### Exercise aim
Restate the opening lines of the material below word for word, stopping after the line that contains "Chanel Long Yen".

________

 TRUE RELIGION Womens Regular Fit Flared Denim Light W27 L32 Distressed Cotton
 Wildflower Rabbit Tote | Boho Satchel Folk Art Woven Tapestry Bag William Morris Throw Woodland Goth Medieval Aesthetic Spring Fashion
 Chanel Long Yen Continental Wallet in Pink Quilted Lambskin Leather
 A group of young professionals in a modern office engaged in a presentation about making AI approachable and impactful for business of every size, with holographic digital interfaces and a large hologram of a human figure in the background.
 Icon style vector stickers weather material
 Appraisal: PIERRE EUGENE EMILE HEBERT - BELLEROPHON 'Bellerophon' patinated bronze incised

________

### Your response
 TRUE RELIGION Womens Regular Fit Flared Denim Light W27 L32 Distressed Cotton
 Wildflower Rabbit Tote | Boho Satchel Folk Art Woven Tapestry Bag William Morris Throw Woodland Goth Medieval Aesthetic Spring Fashion
 Chanel Long Yen Continental Wallet in Pink Quilted Lambskin Leather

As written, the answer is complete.